__ABOUT THIS TASK__
Copy out each entry precisely; no image belongs in the result.
# # #
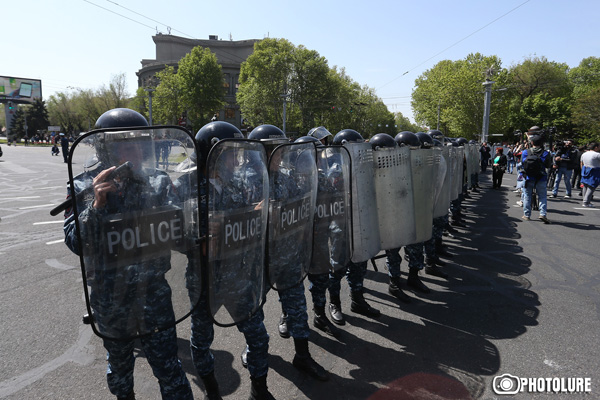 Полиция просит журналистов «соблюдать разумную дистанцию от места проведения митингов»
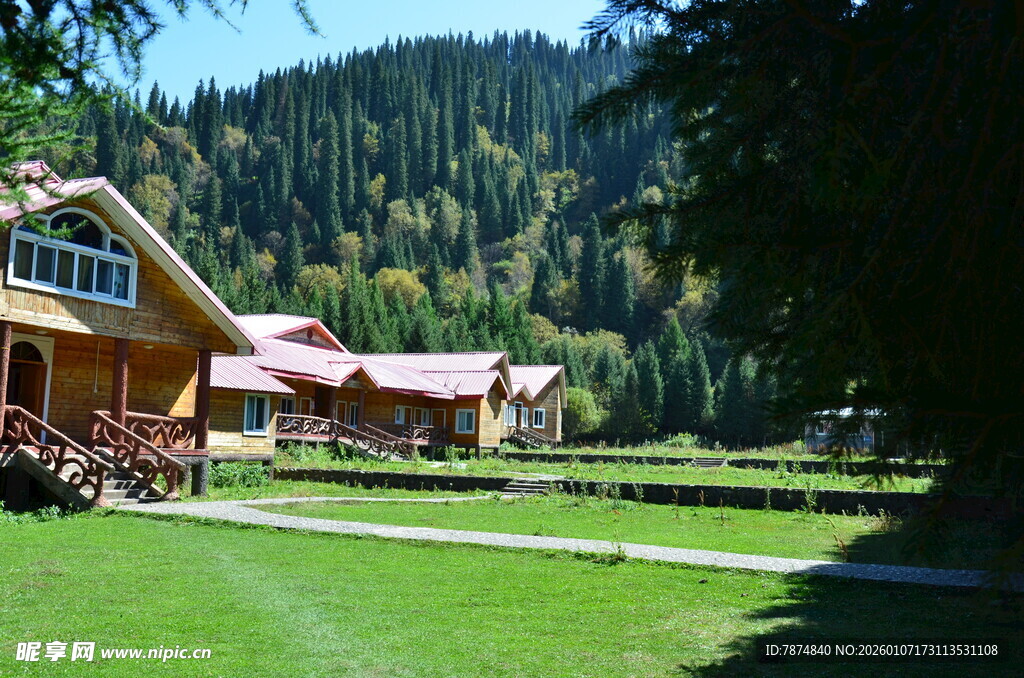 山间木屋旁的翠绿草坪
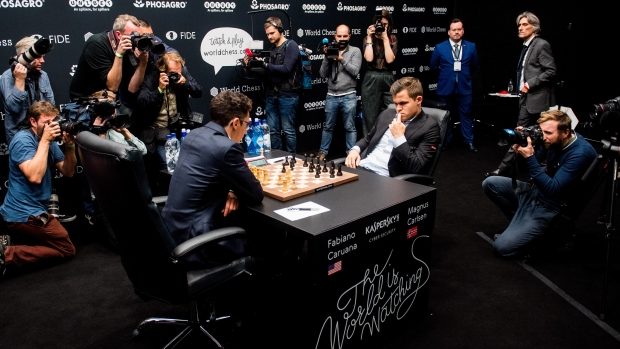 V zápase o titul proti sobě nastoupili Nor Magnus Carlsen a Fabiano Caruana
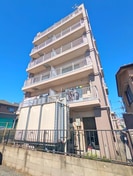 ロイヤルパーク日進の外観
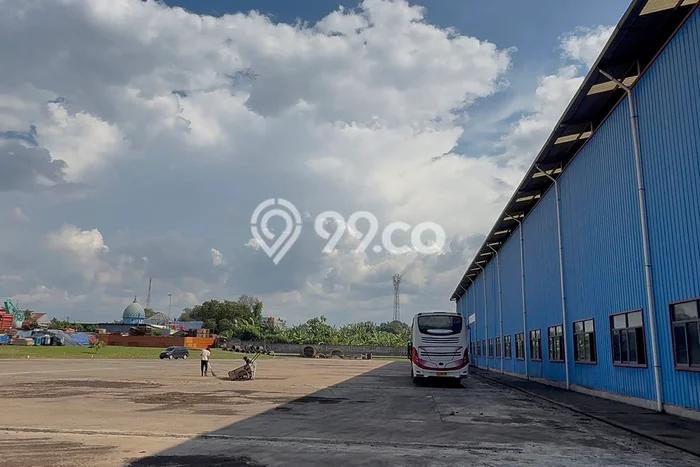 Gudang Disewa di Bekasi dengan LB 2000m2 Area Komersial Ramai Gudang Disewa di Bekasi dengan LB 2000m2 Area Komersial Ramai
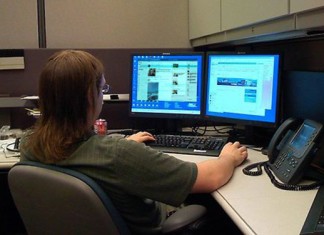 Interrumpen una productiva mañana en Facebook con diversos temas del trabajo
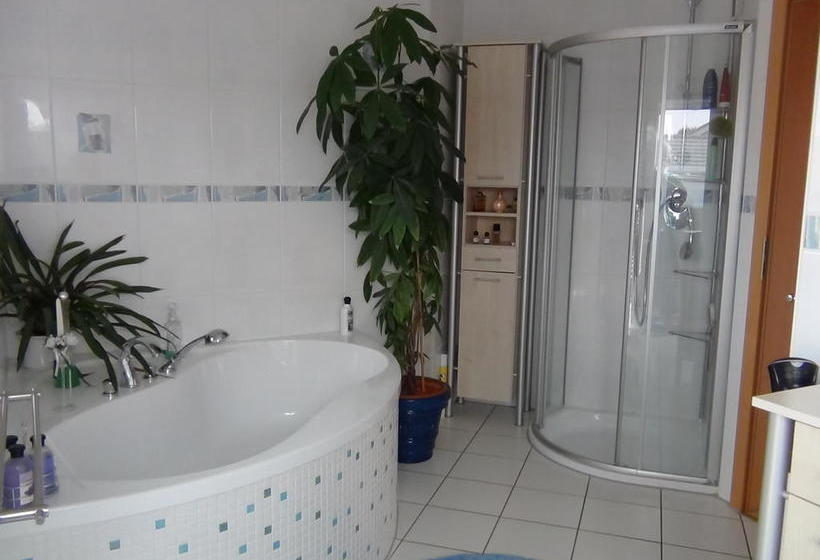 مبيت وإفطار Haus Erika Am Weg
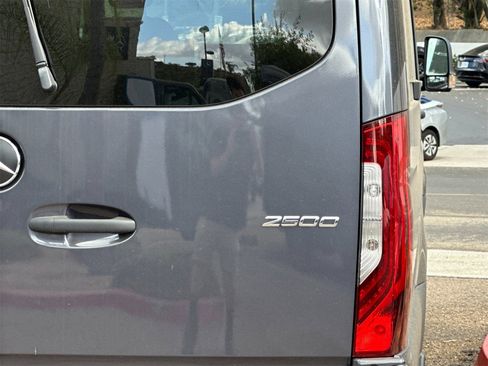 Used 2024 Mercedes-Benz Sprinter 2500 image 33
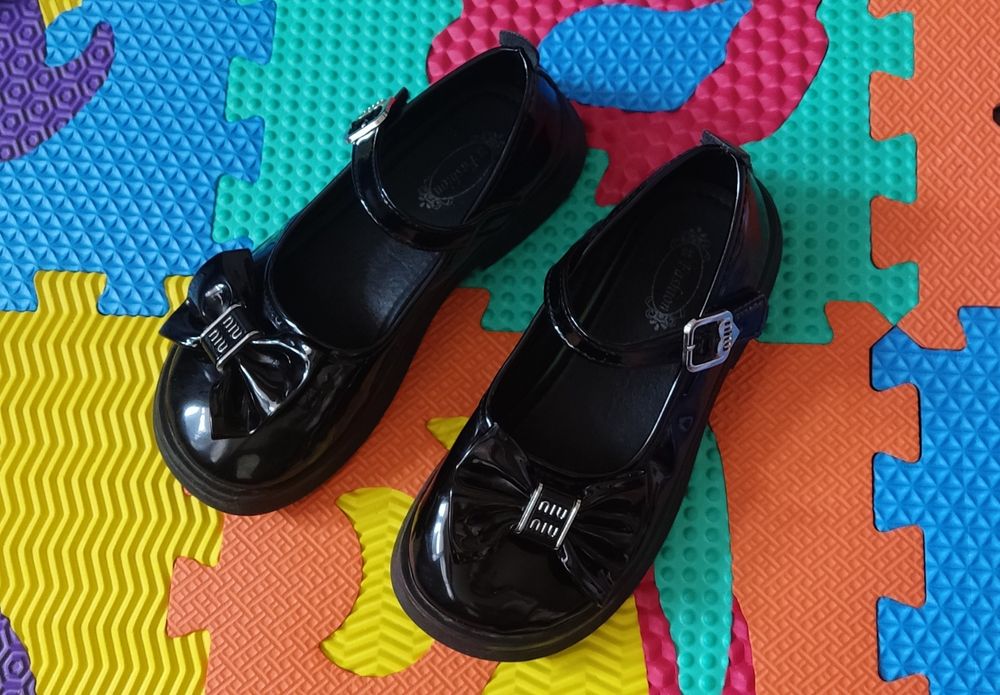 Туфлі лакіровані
# # #
__ANSWER BOX__
 Полиция просит журналистов «соблюдать разумную дистанцию от места проведения митингов»
 山间木屋旁的翠绿草坪
 V zápase o titul proti sobě nastoupili Nor Magnus Carlsen a Fabiano Caruana
 ロイヤルパーク日進の外観
 Gudang Disewa di Bekasi dengan LB 2000m2 Area Komersial Ramai Gudang Disewa di Bekasi dengan LB 2000m2 Area Komersial Ramai
 Interrumpen una productiva mañana en Facebook con diversos temas del trabajo
 مبيت وإفطار Haus Erika Am Weg
 Used 2024 Mercedes-Benz Sprinter 2500 image 33
 Туфлі лакіровані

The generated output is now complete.